Ratio Calendar Spreads: Combining Time Decay and Uneven Size

Jun 9, 2026

A ratio calendar spread combines different expirations with unequal contract counts. That means you are trading time decay, stock location, and position size all at once.

The structure can be useful, but it is not beginner-friendly. Small changes in price or volatility can change the position faster than expected.

Ratio calendar risk sketch

Uneven short-option size creates a target zone and can add directional risk.

Horizontal axis: underlying stock price at expiration. Vertical axis: strategy profit or loss per share equivalent.
High in range: +5.00Low in range: -30.00

Example shown as a simplified expiration-risk sketch.

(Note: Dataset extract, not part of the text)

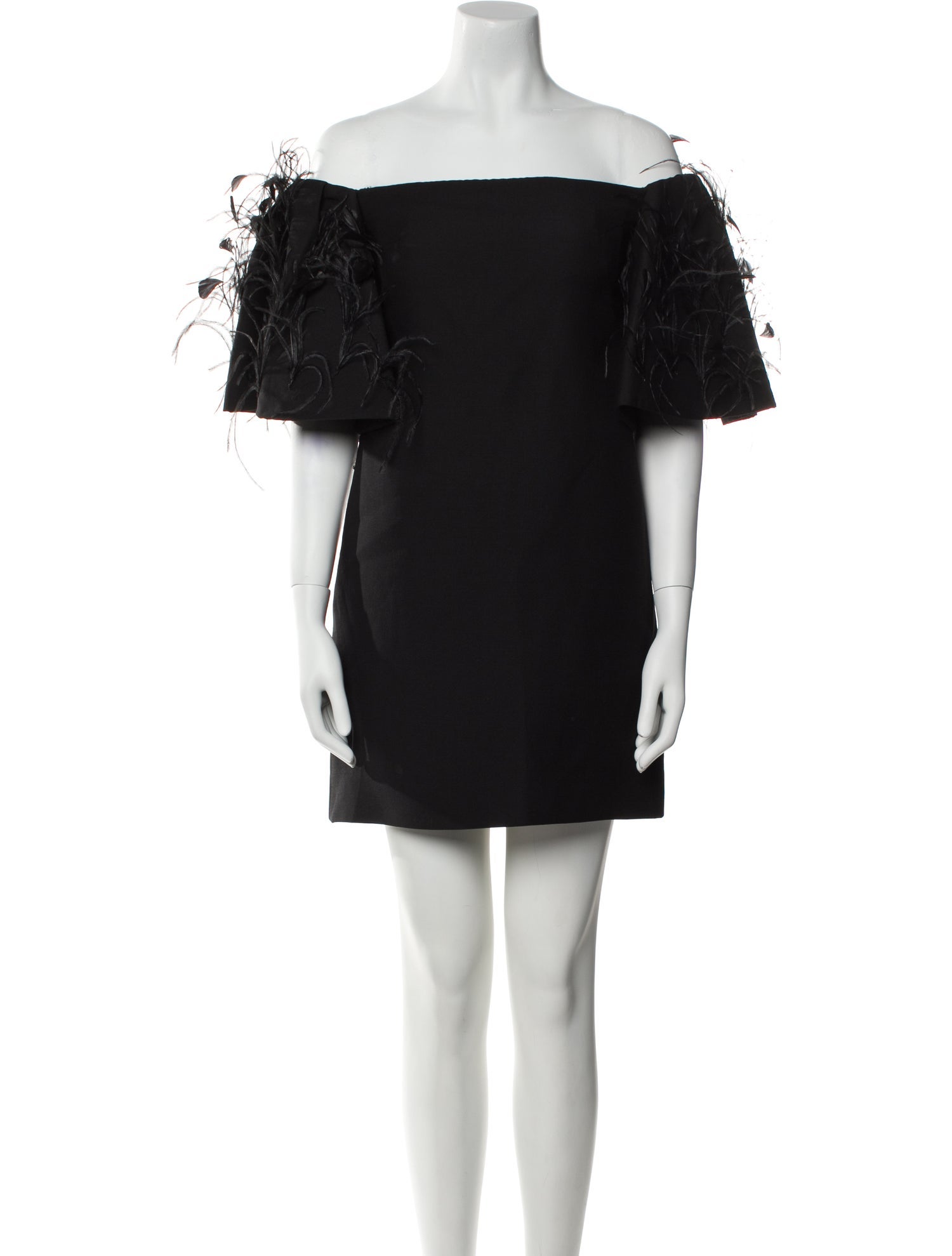 Valentino Virgin Wool Mini Dress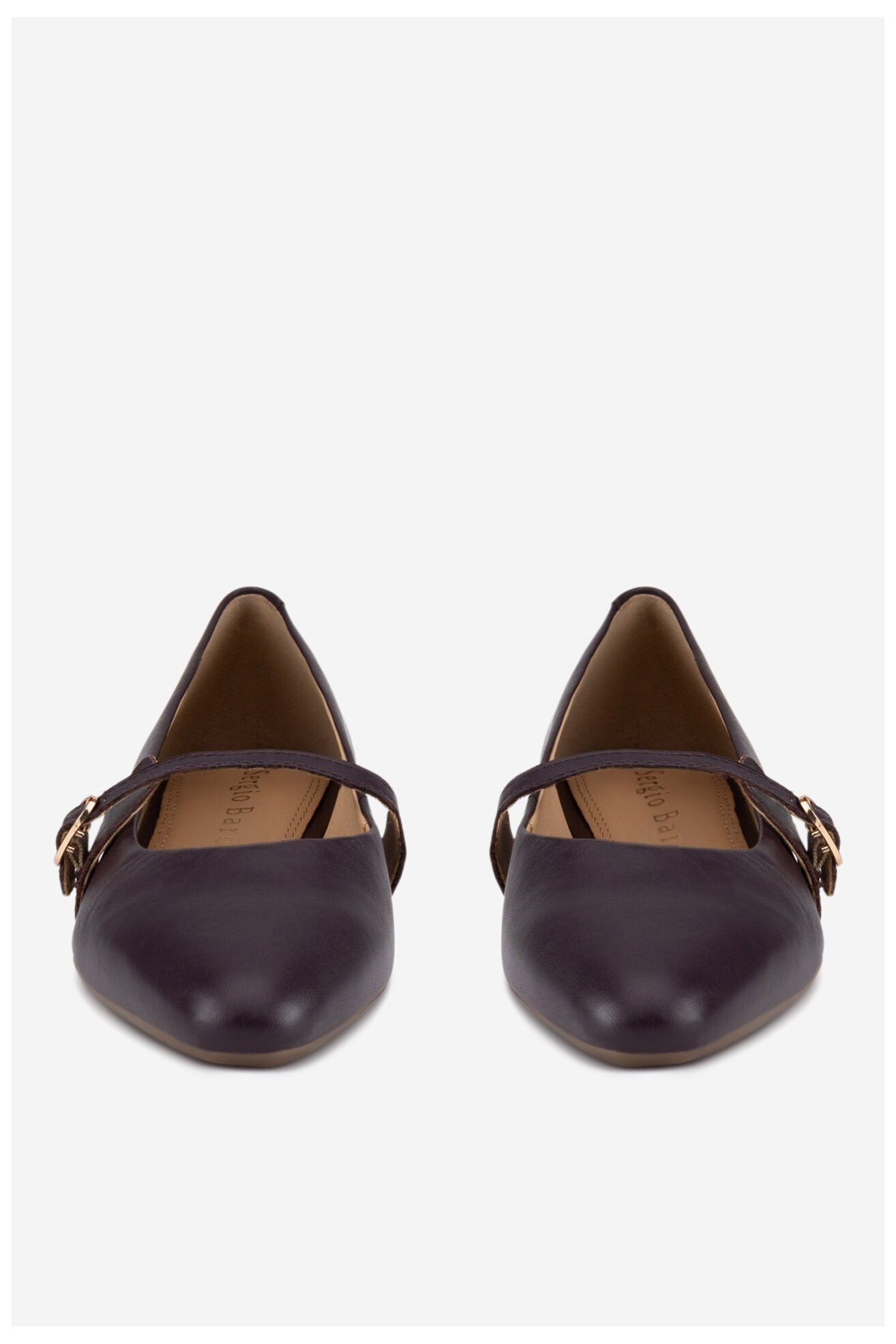 Baleriny Sergio Bardi RST-E1065-03SB Fioletowy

Real calendars also depend heavily on remaining time and volatility.

When it fits

This setup fits a trader who has a specific target zone and a reason to believe short-term options will decay faster than longer-term options. It is most useful when the stock is expected to pause near a level rather than trend cleanly.

Main risks

Uneven sizing can create unwanted directional exposure. The short options can also become assignment candidates. If the trade was opened for time decay, a sharp stock move can overwhelm that advantage.

Practical approach

Model the position before entry and after likely stock moves. Keep size small. If the structure cannot be reduced to a clear plan, use a standard calendar or vertical spread instead.

Execution playbook

Use this section to turn the setup into a broker-screen plan: selection, follow-up action, risk limits, and reasons to skip the trade.

Key execution ideas

  • Combining calendar and ratio spreads mixes time decay with uneven size.
  • Delta-neutral calendars require active monitoring as stock price changes.
  • Follow-up action determines whether the short options remain controlled.

Before entering the order

  • Start by modeling the normal calendar, then add ratio only if it improves the thesis.
  • Check position delta after entry, not just the payoff at one price.
  • Keep contract size small because the Greeks can change quickly.

Follow-up action

  • Rebalance when price movement turns the position more directional than intended.
  • Close short options before assignment risk dominates the trade.
  • Simplify into a regular calendar if the ratio is no longer justified.

Skip the trade when

  • A standard calendar expresses the view well enough.
  • The short leg is in an expiration with poor liquidity.
  • You cannot model volatility changes across both expirations.

Options can lose money quickly. Treat every setup as a defined plan: entry, maximum loss, adjustment trigger, exit target, and a reason to skip the trade when pricing is not favorable.